Nat King Cole's Mona Lisa score was written by a Cuban

Mona Lisa, become a world hit song-theme by Nat King Cole, was the first song in the history not belonging to a musical film, awarded with an Oscar in 1951.


18 de junio de 2019 - By Mercedes Hernández

Mona Lisa, become a world hit song-theme by Nat King Cole, was the first song in the history not belonging to a musical film, awarded with an Oscar in 1951.

Hunger, despair, poverty and a black future leads us to big decisions; but those attitudes cannot be judged without  seeing them in context.

Some years ago I watched a documentary film on TV that shocked me: it told about the life of Mérido Gutiérrez Rippe, residing in New York in the fifties, whose economical needs forced him to sell one of his musical scores, or, perhaps, more than one. However, one in particular was an unprecedented fact. I have my own doubts and, as far as I have searched, I do not seem to find an answer: The song sold by the Cuban would have been so great or was it that it became famous by its arrangement and orchestration through Nat King Cole's voice?

In an interview, Mérido Gutiérrez told the story of the melody. He narrated that under a heavy snowfall, he took refuge in the Fifth Avenue Library. One employee invited him to get into the building. Inside, there were cubicles full of book stands and reading tables. In a perfect symmetry, some portraits by famous painters adorned the walls. So, there was a reproduction of Da Vinci's Mona Lisa. Back home, he took a guitar and, little by little the tune was born.

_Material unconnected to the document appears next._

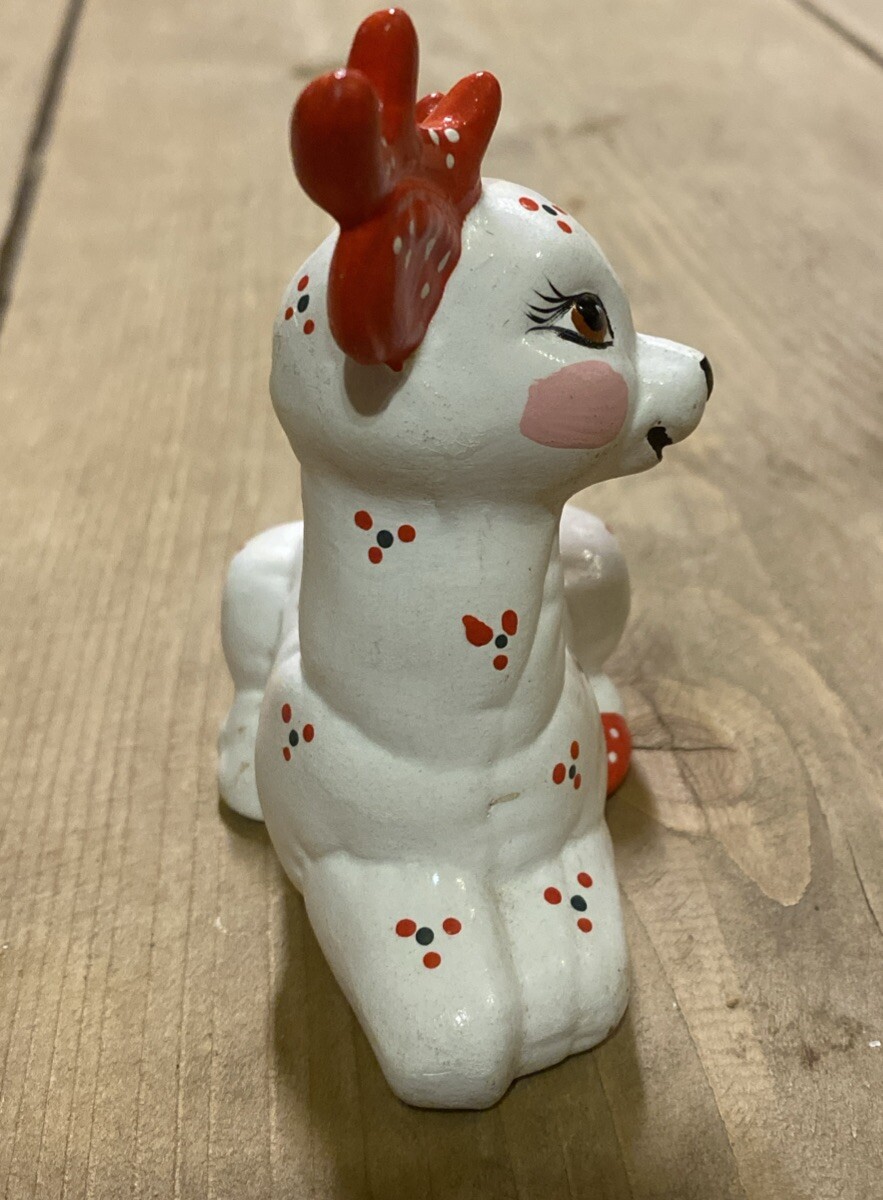 VTG Xmas 2 Deer Kimble Mold Quilted Ceramic Hand painted 10”-4” White &Brown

Its composer pointed out that he used a group of bars from a popular song by Cuban tres player Arsenio Rodríguez, also living in New York by that time; until that, finally, after having registered it on the Intellectual Property Registry, at the Jeferson Music CD Inc., and ignoring the value of this song, he sold the copyright along with another song by the reasonable price of 200 dollars.

Two years later the tune became famous on the excellent voice of Nat King Cole and by the wonderful orchestra arrangement it was submitted. The song theme served as soundtrack of several American films in the first years of the nineteen-fifties.

The Merido Gutierrez's musical catalogue also includes themes as Crystal glass and I love you, how about you, among others, recorded by prestigious interpreters like Pedro Vargas and the Mexican trio Los Panchos.